Work instructions
Produce exactly the lines from the one holding "Дизайнерский пластиковый чехол" through the last line of the data below, with every picture left out.

The data
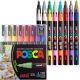 2. POSCA Marker UNI PC-3M 16er Set
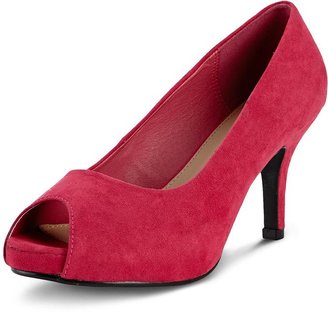 So Fabulous! So Fabulous Faith Mid Heel Open Toe Court Extra Wide Fit Shoes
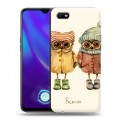 Дизайнерский пластиковый чехол для OPPO A1k Совы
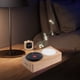 thumbnail image 4 of ¡Ofertas Limitadas!, Altavoz Bluetooth Woodgrain 5.0 Tocadiscos retro de vinilo atómico Tarjeta giratoria AUX insertable El diseño de doble propósito es un altavoz y una luz de noche Akmoler, 4 of 9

Exercise solution
 Дизайнерский пластиковый чехол для OPPO A1k Совы
 thumbnail image 4 of ¡Ofertas Limitadas!, Altavoz Bluetooth Woodgrain 5.0 Tocadiscos retro de vinilo atómico Tarjeta giratoria AUX insertable El diseño de doble propósito es un altavoz y una luz de noche Akmoler, 4 of 9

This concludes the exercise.